Brooks’ latest effort dissects the myth of “conservative” talking heads controlling the republican party, showing just how shallow that “control” truly is based on the last election cycle. Though his column was pretty much a home-run with regards to timing and appropriateness given the story on the TPM frontpage, I still think he missed the essential dilemma for today’s republicans – a total leadership vacuum across all levels of the national and local party apparatus combined with declining voter involvement, giving the Limbots the ability to wave the biggest stick in the first place and position their crazy as the default message for the party.
When the republican caucus and far-right shock jocks offer endless objections rather than even mediocre solutions, the underlying strategy begins to look a lot like obstruction.
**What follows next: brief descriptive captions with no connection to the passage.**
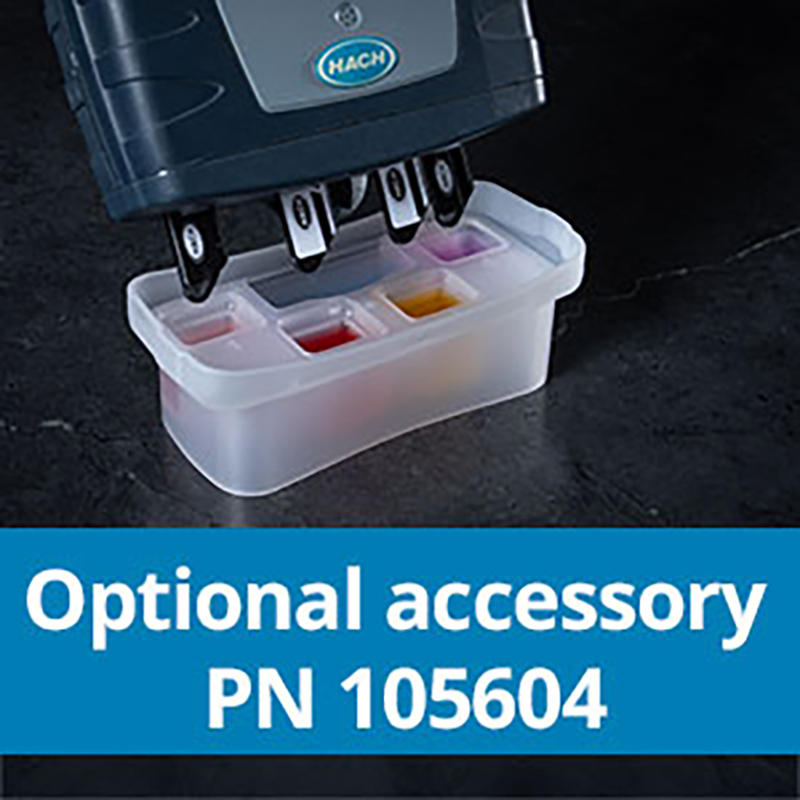 Hach SL1000 Portable Parallel Analyzer - Image 8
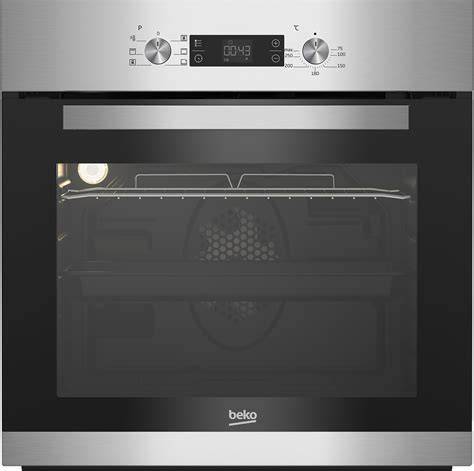 BIE22300X - Four encastrable (60 cm, 66 L)
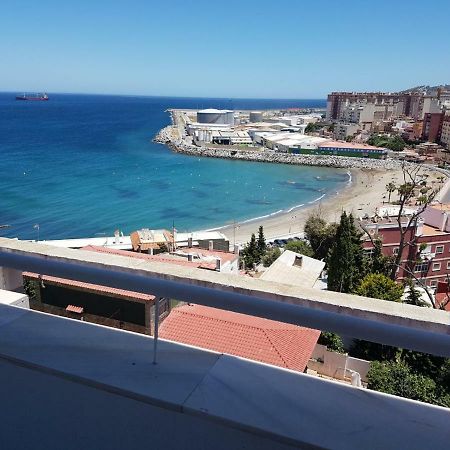 Apartamentos Villajovita Ceuta Extérieur photo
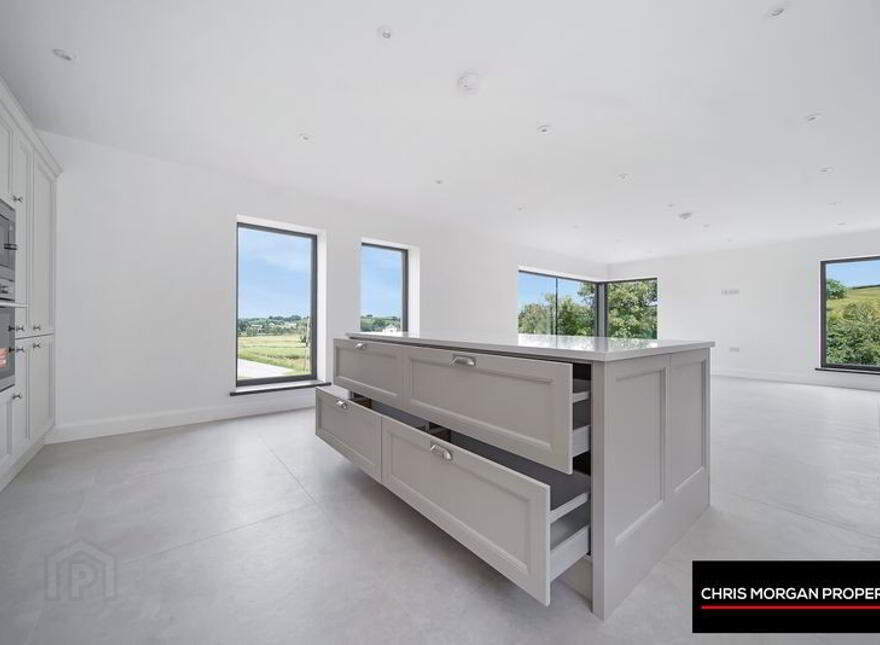 Frenchmans Lane, Aughlish, Castlecaulfield, Dungannon, BT70 3DF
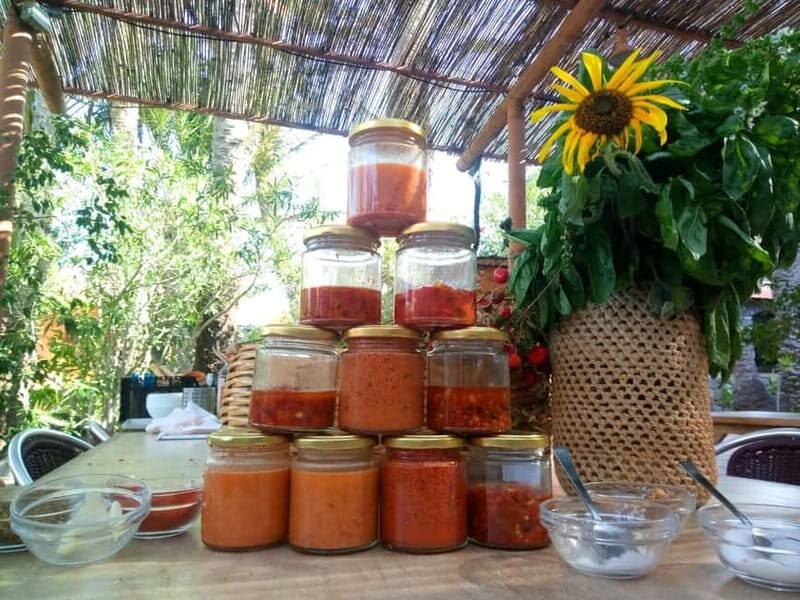 Rural Life Experience: Mojo Workshop and botanical Walk - Key Highlights You’ll Care About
If both parties are perceived as unwilling to understand and work with their political opposites in a time of national crisis on a number of important fronts, I foresee an incumbent bloodbath of unprecedented proportions in the coming years. Very few voters on either side of the political divide think their representatives have their best interests at heart if the polls can be trusted. Should the primary election numbers hold steady from last year, 2010 could be a very good year for Americans and very lousy one for professional politicians. We The People appear to have had just about enough from both the democratic and republican parties, though for widely varied and diverse reasons that still fail to bring us together at the grassroots.
Absent a huge increase in voter participation over the coming years, though, I really don’t see the American paradigm changing any time soon.
President Obama is the first in a generation with the opportunity to be a truly transformative leader and help knit together our long-standing divisions. His second book and the campaign he ran made clear his understanding of America’s foundational weakness. I had high hopes going into his inauguration that we were witnessing the beginning of the end of partisan politics and the corrosive influence it has had on our common narrative. I wouldn’t go so far as to say I am pessimistic now, but given the right’s inability to shout down their crazies or to offer real policy solutions and the left’s inability to simply ignore the far right or or offer real policy innovation, I can’t see any route forward that doesn’t go straight through a massive turnover in Congress.
If each party’s grassroots can clean house over the next few election cycles, we just might be able to build a Congress that truly reflects the much-maligned silent majority who has never bothered to vote except for one special Tuesday in November every four years.